Sunday, August 08, 2004

Like Magic

Yesterday afternoon none of the books I am in the middle of appealed to me, so what did I do? Began a new book of course. And by the time I went to bed that night I had finished it. What book was so compelling that I read the whole thing in one day? Sometimes the Magic Works by Terry Brooks. It's a writing memoir with advice to writers or wanna be writers tossed in here and there. I wouldn't say I was a Brooks fan. I have enjoyed his first three Shannara books starting with The Sword of Shannara, and the first three Magic Kingdom books. My husband liked The Word and the Void series that began with Running with the Demon (I haven't read this series yet but will probably get to it eventually) and the both of us even went to a Brooks reading when he was out promoting Demon. He is a short man, very friendly and interesting to listen to. So I started reading Sometimes the Magic Works expecting that I would enjoy it but not expecting that I would read it in one day. I used to read writing books like this looking for The Secret, the one that would make me a best selling novelist or at the very least, get me published. I gradually realized that there is no secret, just a lot of hard work. These types of books offer good advice, but they are, as Brooks mentions, just one writer's way of going about things, it's up to each individual writer to find her own methods. If you read enough books about writing by writer's, however, you start to find some similarities, some rules, as it were. Brooks is even nice enough to talk about what the rules are. And they are fairly obvious. Show don't tell, don't bore the reader, write what you know, etc. The Rules can sometimes be broken, Brooks says, but only if you have a darn good reason for it. The parts of the book that aren't writing advice are also interesting. Brooks talks about how he got his start as a writer at the brand new Dey Rey publishing. He talks about what it was like working with Lester and Judy-Lynn del Rey, his experience writing the movie tie-in book for Hook and later for Phantom Menace. He talks about the fact the he was a lawyer until he did Magic Kingdom for Sale and was finally able to write full time. Lit blogs frequently bemoan the fact that fiction reviews are given less and less space, that even media that are dedicated to books give more space to nonfiction than fiction. And it's true.
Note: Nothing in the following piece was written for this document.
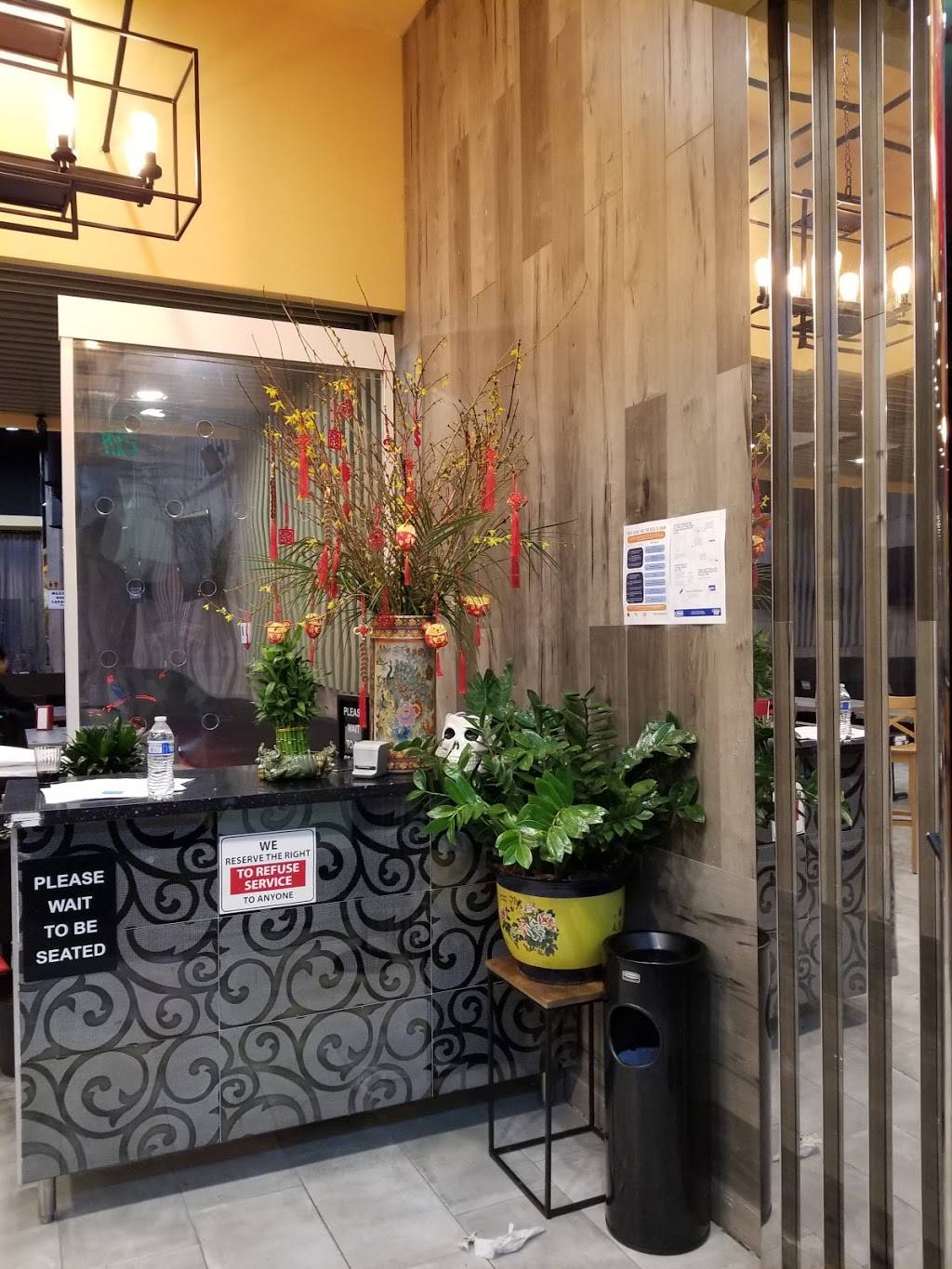 Pho Bucks | restaurant | 5127 W Edinger Ave suite d, Santa Ana, CA 92704, USA | 6572189351 OR +1 657-218-9351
Brooks talks about when he heard Edgar Wideman speak about this phenomenon:

He argued that our book culture is systematically devaluing the importance of imagination. He remembered when the New York Times Book Review, the premiere newspaper publication in the country, devoted approximately two-thirds of its space to fiction and one-third to nonfiction. That was now reversed, with increasingly less space being devoted to fiction all the time. It was representative of what was happening everywhere. There was a pervasive feeling among readers and reviewers that fiction was less important than nonfiction. We had arrived at a pint where books bearing the words, Based on a true story somehow had greater value than those that didn't. We were obsessed with "reality entertainment." If it wasn't true in the world at large, how could it have importance to us as readers?
Brooks mulls over the implications of such a pronouncement. It is dire, yes. But, Brooks says, "I know enough about the world to appreciate that the one constant in life is change. But change does not happen without imagination." A good point. Which leads me to believe that as ever, the tastes of the public are like a pendulum and the pendulum has currently swung just about as far as it can to the nonfiction side of things. Eventually the pendulum will be swinging back the other direction. It's only a matter of time. Brook's voice in this book is casual and friendly, like you were sitting with him and having a conversation over coffee. I was enchanted and inspired. Because really, I have reached the point where I read books like this for inspiration rather than The Secret. Brook's book did the job. I am still thinking about it today. I marked pages that I want to go back to and read again. It's a great book for the causal reader who is a Terry Brooks fan, and a writer who might need a little inspiration.